I have several maternal ancestors who arrived on this continent prior to the American Revolution.

[I indicate my web-based sources for the information below, though for most I am relying on the poorly cited research of others.]

1) The Betts and the Stoughtons

My eighth great grandparents, Richard Betts and Joanna Chamberlain were married in Ipswich, Massachusetts Bay Colony - in 1648. It is thought Joanna arrived by 1635, and Richard mid-1640s. [source source]. Joanna Chamberlain was the daughter of Elizabeth Stoughton and Richard Chamberlain, and the granddaughter of Rev Thomas and Katherine Stoughton.

2) Hortons and Langtons

9th great grandparents, Barnabas Horton and Mary Langton are said to have immigrated c. 1630 on the ship "Swallow." [source] - Living in Massachusetts and Connecticut prior to settling in Southold, Long Island.

3) Hallocks

Barnabas Horton's son, Caleb, married Abigail Hallock. Abigail's father, William Hallock, likely arrived in Southold, Long Island ca. 1640. [source]

4) Van Everys

Brothers Myndert and Carsten Frederickse (sons of Frederick Van Iveren) likely immigrated to New Amsterdam in the 1640s or 1650s, with Myndert marrying Catharina Burger (Burghart) in New Amsterdam in 1656. [source]. Most of the descendants of Myndert and Carsten took the surname of either Van Every or Van Avery. Myndert was my 8th great grandfather.

5) Swayzes and Kinges

John Sweezey [Swayze], another eighth great grandfather, immigrated prior to 1650. [source]. He married Catherine Kinge in 1650 in Salem, Essex, Massachusetts. He settled in Suffolk, Long Island.

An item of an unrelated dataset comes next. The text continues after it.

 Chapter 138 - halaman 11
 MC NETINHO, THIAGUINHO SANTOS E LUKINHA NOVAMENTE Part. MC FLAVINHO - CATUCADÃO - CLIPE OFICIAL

Catherine emigrated with her father, William, prior to 1635
They settled at Salem, Massachusetts. He was admitted a freeman there May 25, 1636. He had grants of land of forty acres on Jeffrey's Creek, now Manchester-by-the-Sea; thirty acres at Royal-side at the head of Bass river, now Beverly, and he located his homestead there. He was a grand juror in 1637. He was a member of the First church at Salem, but in 1637 joined the Antinomians and came under the ban of the Salem authorities. He was requested to sever his connection with the new church or have his arms taken away from him. He remained with the new faith and gave up his gun to Lieutenant Danforth. Later he was banished for a time for sheltering the persecuted Quakers. [source]
6) Rosenbergers and Fretzes

Henry Rosenberger (1685-1745) left Germany and arrived in Franconia, Pennsylvania prior to 1729.

Hans (Weaver John) Fretz (1704-1772) left Alsace, Germany and arrived in Bucks County, Pennsylvania approximately 1720.

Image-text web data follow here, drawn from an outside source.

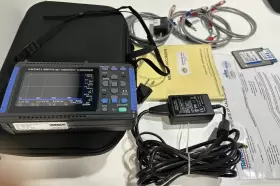 MR8870-20 HIOKI Memory Hicorder #2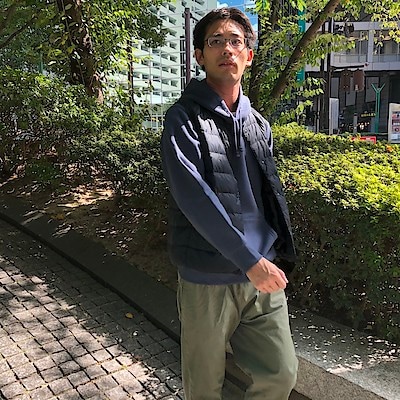 【大丸福岡天神】身長175㎝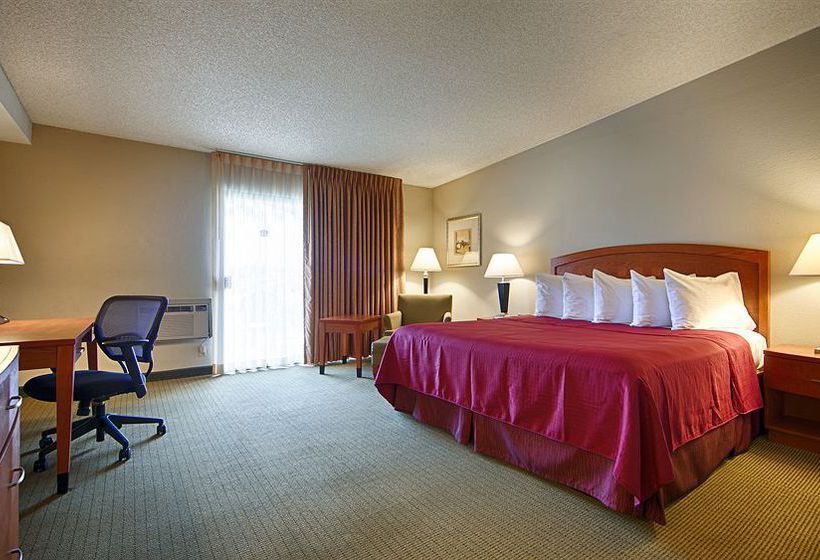 Best Western Golden Sails Hotel  | Long Beach | California | United States 6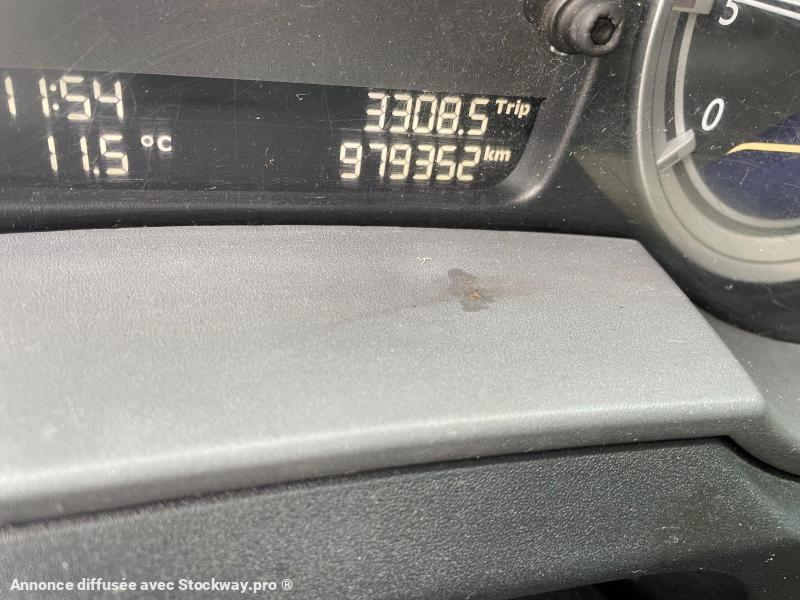 Photo DAF XF460  image 10/10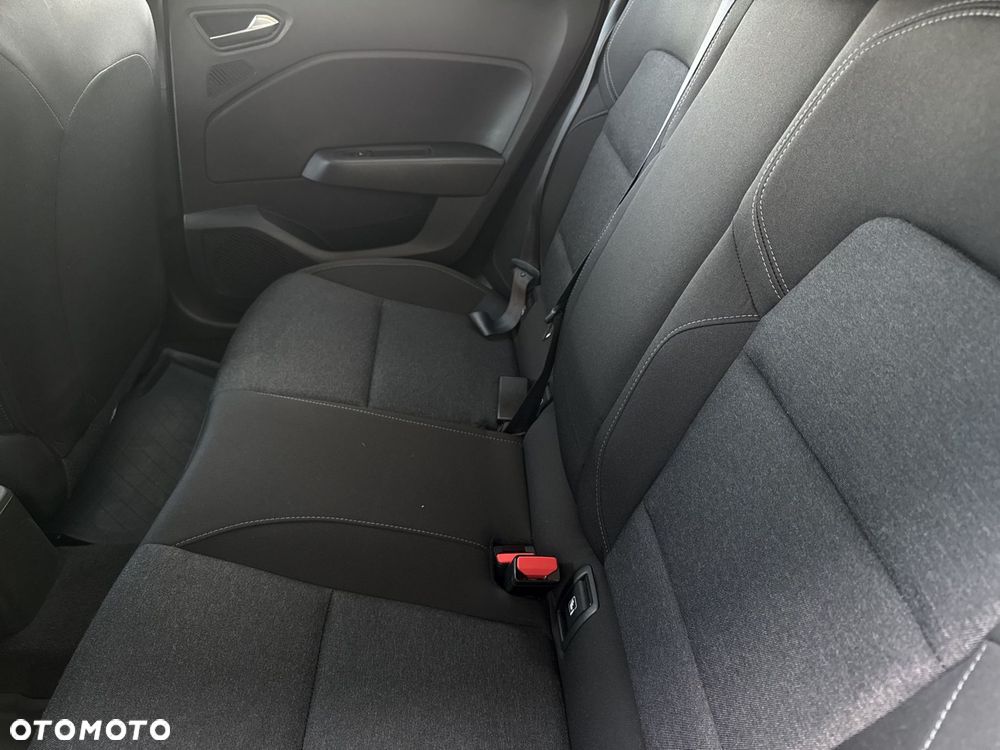 Renault Clio 1.0 TCe Equilibre - 25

Their children, Mark Fretz and Elizabeth Rosenberger, were married on May 11, 1773. [source]

[The above list revised from a post I wrote last year]


As for ancestors alive between 1775-1789, the Swayzes and Van Everys ended up Loyalists, and fled to Canada afterwards. The Fretzes and Rosenbergers were Pennsylvania Mennonites, and I've found no evidence that they violated their commitment to peace and took either side.

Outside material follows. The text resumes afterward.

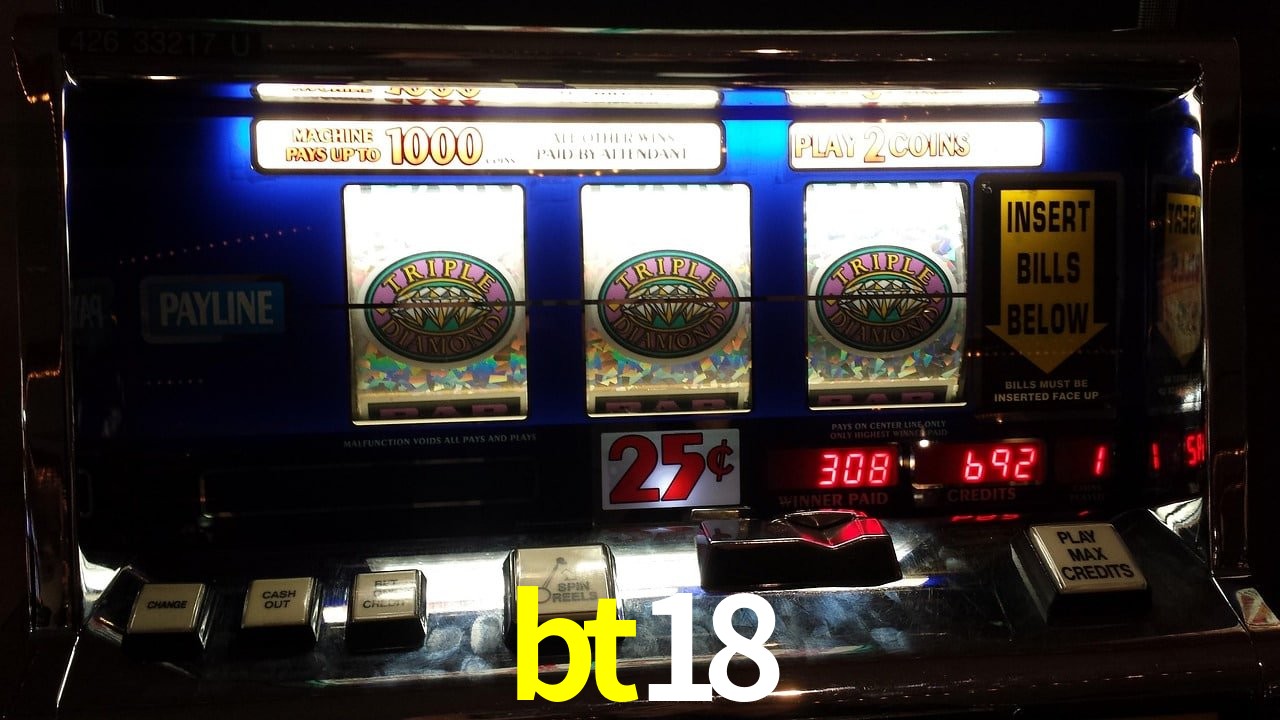 Blackjack Table bt18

I still had some Denyer ancestors living in England at the time, though I'm unsure if any were Redcoats.

My paternal ancestors, and half my maternal ancestors were all situated in Eastern and Central Europe (Poland, Lithuania, Ukraine, Transylvania) and were likely mostly oblivious to the war. Of course, the Polish general, Casimir Pulaski, 'Father of the American Cavalry,' came from Warka, Poland, as did my Newmark ancestors.

I have one branch I haven't yet researched far enough to ascertain where they were in the 18th century, and that is the ancestors of my maternal great great granmother, Sarah (Hartley) Denyer.  So there is still some hope I may someday find a truly Patriotic ancestor.